Most experts now believe that Richthofen was killed by someone on the ground.[12][14] The wound through his body indicated that it had been caused by a bullet moving in an upward motion, from the right side, and more importantly, that it was probably received some time after Brown's attack.[12]

Many sources, including a 1998 article by Dr. Geoffrey Miller, a physician and historian of military medicine, and also a U.S. Public Broadcasting Service documentary made in 2003, have suggested that Sergeant Cedric Popkin was the person most likely to have killed Richthofen.[12][14] Popkin was an anti-aircraft (AA) machine gunner with the Australian 24th Machine Gun Company, and was using a Vickers gun. He fired at Richthofen's aircraft on two occasions: first as the Baron was heading straight at his position, and then at long range from the right. Popkin stated — in a 1935 letter, which included a sketch map — to the Australian official war historian, that he believed he had fired the fatal shot as Richthofen approached his position.

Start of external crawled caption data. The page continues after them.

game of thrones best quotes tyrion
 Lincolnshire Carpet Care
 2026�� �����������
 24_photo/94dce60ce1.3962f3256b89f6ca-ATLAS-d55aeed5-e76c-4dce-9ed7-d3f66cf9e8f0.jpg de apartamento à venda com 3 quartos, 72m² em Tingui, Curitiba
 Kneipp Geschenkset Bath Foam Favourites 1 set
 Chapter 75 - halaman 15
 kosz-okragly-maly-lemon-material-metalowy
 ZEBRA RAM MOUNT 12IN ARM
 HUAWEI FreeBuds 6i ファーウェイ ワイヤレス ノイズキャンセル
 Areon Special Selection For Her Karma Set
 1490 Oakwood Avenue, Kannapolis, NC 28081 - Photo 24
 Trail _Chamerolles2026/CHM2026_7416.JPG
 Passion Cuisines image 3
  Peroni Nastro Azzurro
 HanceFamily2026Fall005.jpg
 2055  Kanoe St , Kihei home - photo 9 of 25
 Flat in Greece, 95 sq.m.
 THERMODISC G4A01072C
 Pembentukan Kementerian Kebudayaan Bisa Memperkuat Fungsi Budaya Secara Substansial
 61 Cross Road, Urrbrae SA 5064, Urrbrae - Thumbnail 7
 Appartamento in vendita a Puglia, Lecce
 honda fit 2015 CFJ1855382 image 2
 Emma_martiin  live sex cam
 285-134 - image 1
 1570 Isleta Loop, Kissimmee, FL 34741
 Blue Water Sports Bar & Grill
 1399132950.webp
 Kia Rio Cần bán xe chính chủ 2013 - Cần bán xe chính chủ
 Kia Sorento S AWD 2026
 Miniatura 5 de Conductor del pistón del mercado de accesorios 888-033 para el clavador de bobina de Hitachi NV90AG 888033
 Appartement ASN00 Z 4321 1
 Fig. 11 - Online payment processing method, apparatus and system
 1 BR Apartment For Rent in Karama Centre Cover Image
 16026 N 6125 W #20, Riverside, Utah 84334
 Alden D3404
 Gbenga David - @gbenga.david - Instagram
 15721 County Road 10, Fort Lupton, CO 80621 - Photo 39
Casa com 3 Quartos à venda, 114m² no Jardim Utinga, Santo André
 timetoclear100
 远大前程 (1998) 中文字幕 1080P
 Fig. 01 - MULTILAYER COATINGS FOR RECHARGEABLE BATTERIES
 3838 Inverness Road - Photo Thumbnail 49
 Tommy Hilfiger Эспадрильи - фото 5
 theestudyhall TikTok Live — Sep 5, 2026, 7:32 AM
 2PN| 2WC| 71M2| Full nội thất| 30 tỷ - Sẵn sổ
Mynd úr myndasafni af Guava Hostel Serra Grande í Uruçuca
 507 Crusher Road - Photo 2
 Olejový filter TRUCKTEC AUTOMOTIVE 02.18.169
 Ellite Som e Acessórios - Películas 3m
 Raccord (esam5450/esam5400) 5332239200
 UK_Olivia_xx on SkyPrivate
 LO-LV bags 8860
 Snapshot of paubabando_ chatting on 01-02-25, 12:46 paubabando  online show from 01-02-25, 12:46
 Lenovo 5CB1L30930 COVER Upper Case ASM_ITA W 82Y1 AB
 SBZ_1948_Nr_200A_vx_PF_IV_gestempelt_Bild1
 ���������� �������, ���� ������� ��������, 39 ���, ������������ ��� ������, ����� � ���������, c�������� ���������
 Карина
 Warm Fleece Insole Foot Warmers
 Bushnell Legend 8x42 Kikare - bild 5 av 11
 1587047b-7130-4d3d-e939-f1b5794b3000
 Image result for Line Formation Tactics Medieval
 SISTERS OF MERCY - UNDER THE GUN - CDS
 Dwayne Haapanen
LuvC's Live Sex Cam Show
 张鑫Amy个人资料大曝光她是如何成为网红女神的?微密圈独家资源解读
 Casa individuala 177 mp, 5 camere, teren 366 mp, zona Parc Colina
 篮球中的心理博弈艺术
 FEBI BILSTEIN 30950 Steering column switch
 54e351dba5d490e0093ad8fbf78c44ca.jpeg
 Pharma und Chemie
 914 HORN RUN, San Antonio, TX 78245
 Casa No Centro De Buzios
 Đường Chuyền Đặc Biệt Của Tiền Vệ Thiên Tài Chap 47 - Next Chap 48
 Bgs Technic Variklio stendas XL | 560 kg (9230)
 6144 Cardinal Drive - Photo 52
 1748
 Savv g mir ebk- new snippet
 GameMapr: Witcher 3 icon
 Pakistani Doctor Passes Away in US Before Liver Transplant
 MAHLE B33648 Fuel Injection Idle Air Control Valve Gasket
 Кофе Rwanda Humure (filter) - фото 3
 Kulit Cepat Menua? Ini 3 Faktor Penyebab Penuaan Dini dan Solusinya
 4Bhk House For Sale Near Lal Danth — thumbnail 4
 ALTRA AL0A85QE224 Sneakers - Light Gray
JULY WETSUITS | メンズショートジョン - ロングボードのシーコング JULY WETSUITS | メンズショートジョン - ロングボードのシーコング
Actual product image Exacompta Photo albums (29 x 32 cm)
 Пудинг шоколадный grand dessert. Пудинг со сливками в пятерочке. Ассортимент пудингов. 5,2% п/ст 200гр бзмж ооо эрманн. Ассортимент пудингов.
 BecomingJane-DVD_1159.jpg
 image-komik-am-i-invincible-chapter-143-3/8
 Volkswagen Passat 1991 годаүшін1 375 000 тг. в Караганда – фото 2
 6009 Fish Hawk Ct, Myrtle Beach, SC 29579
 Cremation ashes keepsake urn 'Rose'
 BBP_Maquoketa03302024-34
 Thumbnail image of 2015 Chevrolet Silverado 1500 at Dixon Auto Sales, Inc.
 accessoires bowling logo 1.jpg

Such a shot would have been from directly in front of the aircraft and could not have been the one that resulted in the Baron's death. However, Popkin was well placed to fire the fatal shot when Richthofen passed him for a second time on the right.[12][14]

One source, a 2002 documentary produced by the Discovery Channel suggests that Gunner W. J. "Snowy" Evans, a Lewis machine gunner with the 53rd Battery, 14th Field Artillery Brigade, Royal Australian Artillery is likely to have killed von Richthofen.[13] However, Dr. Miller and the PBS documentary dismiss these theories.[12][14]

Other sources have suggested that Gunner Robert Buie (also of the 53rd Battery) may have fired the fatal shot. There is now little support for this theory.[12][14] Nevertheless, in March 2007, the municipality of Hornsby Shire, in Sydney, recognised Buie, a former resident, as the man who shot down Richthofen. The Shire placed a plaque near Buie's former home in the suburb of Brooklyn.[15] Buie, who died in 1964, has never been officially recognised in any other way.

The commanding officer of No. 3 Squadron AFC, Major David Blake suggested initially that Richthofen had been killed by the crew of one of his squadron's R.E.8s, which had also fought Richthofen's unit that afternoon. However, this was quickly disproved, and, following an autopsy that he witnessed, Blake became a strong proponent of the view that an AA machine gunner had killed Richthofen.

Note W. J. "Snowy" Evans and Robert Buie of the 53rd Battery, 14th Field Artillery Brigade, Royal Australian Artillery are also mentioned.